К. С. Петров-Водкин. Жизнь и творчество - Наталия Львовна Адаскина
Шрифт:
Интервал:
Закладка:
В картинах второй половины десятых: «Девушки на Волге» (1915), «Мать» (1915), «Утро. Купальщицы», «Полдень», «Две» (все — 1917) Петров-Водкин поднялся до удивительного синтеза простоты и пафоса, мельчайших бытовых деталей и высоты философского обобщения, оригинальности собственного стиля и причастности к классическому наследию мирового и русского искусства, хрупкой лиричности и могучего эпоса.

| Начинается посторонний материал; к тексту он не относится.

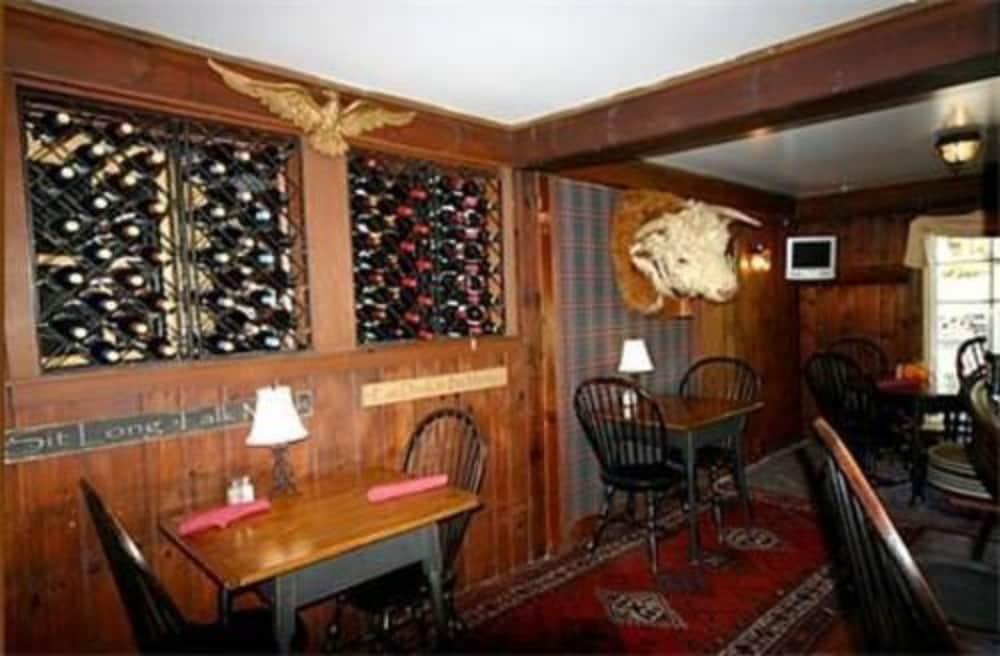 1896 House Country Inn & Motels photo 15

В «Девушках на Волге» превращение бытовой сценки в зрелище праздничного обряда достигнуто в большей степени за счет ритмичности расположения фигур и колористического решения. Художник создает безусловно мажорную, праздничную гамму, но не легко, а сложно сгармонизированную из группы желтых, розовых, киновари и малинового цветов. Градации голубого, оттеняющие первую группу цветов, вступающие с ней в звонкие сочетания, успокаивают цветовую композицию. В таком колорите будничная, обычная, повторяющаяся сценка превращается в эстетически очищенное художественное событие. В движениях девушек живые жесты, поданные художником в замедленном ритме, как бы остановленные, приобрели законченность и точность танцевальных фигур. Торжественная серьезность неулыбающихся лиц завершает событие картины. В облике персонажей этого полотна еще сохраняются индивидуальные черточки живых прототипов. В картине «Две», написанной два года спустя, художник добился монументальной обобщенности характерных национальных типов, представил их в героическом плане.

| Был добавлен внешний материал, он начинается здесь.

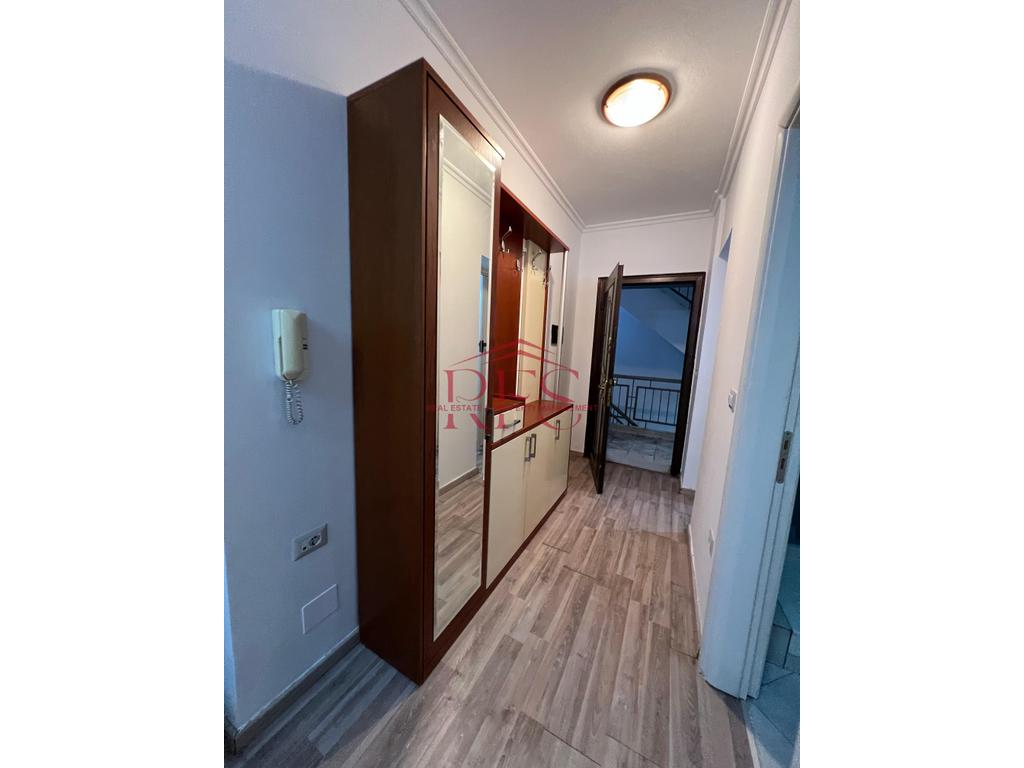 Gallery 01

Эти произведения мастер создавал с ясно осознанной целью, в контексте русской национальной культуры. Не случайно, они появились в годы Первой мировой войны. «Я считаю „Девушек“ поворотной точкой, — говорил он позднее студентам о „Девушках на Волге“, — и до сих пор я отношусь к этой картине очень серьезно и считаю, что отсюда пошло дальнейшее, над чем я работаю, в сторону возможно большего приобретения себе аудитории, расширения этой аудитории»[130].

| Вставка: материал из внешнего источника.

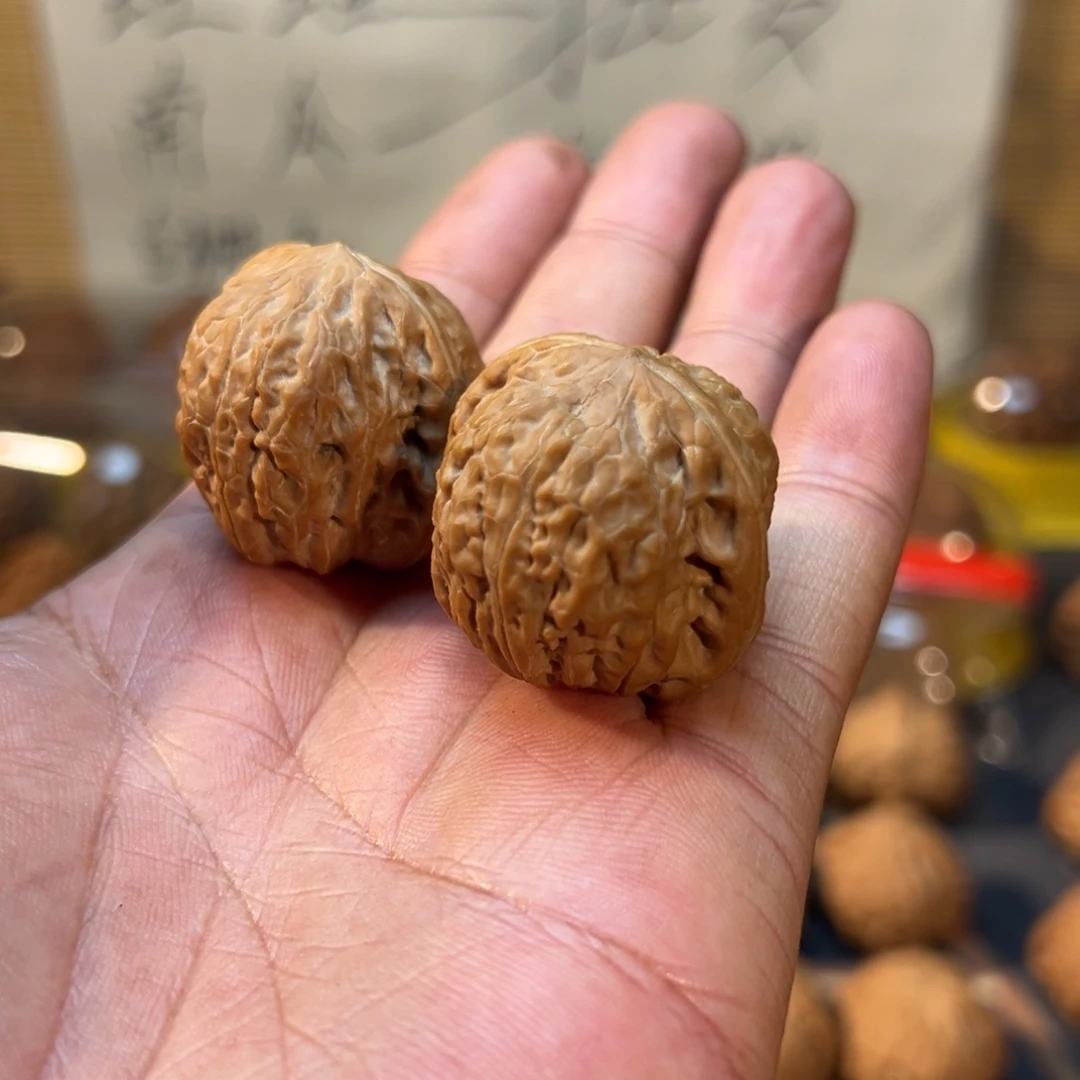 嗯***嗯文玩核桃吊坠铁锤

Девушки на Волге. Эскиз. 1914. Бумага, итальянский карандаш, акварель. ГТГ

Девушки на Волге. Эскиз. 1914. Бумага, графитный карандаш, акварель. Частное собрание

Девушки на Волге. 1915. Холст, масло. ГТГ
Как было ясно уже из перечня его работ, творческие импульсы Петрова-Водкина середины — второй половины десятых годов — времени Мировой войны — были разнообразны, разноплановы и даже разнонаправлены. В одной группе работ он шел к созданию гармонии, к закреплению в живописи ощущения высшей закономерности жизненных явлений. В другой — через динамичность решений — к воплощению драматизма. Но и в границах одной линии художник постоянно расширял диапазон, казалось бы, уже найденных решений, искал и находил новые образные ценности.
Так, снова обратившись в 1915 году к теме матери-крестьянки, он создал удивительно поэтичный и полнокровный образ юной матери, открывающий череду близких ему женских образов двадцатых годов. Исследование Е. Водоноса[131] ставит под сомнение авторскую датировку картины. Историк основывается на факте кардинальной переработки композиции: первоначально фигура была написана на фоне пейзажа, интерьер написан поверх пейзажа, являющегося продолжением видимого через окно. Убедительно выглядит версия о том, что был переписан и переосмыслен и сам образ женщины. Она так близка по характеру к женским типам двадцатых годов: «Девушка в красной косынке» (1925), персонаж картины «У самовара» (1926). «Говорящей деталью» воспринимается пустая божница с заткнутой в нее бумажкой… Приводятся и другие доводы в пользу тезиса об отнесении окончательного варианта картины ко второй половине 1920-х годов, включая и факт ее первого появления на выставке лишь в 1936 году. Загадка заключается в том, что, выставив переписанное полотно на персональной выставке, автор сохранил первоначальную дату, игнорировать которую полностью мы все-таки не можем.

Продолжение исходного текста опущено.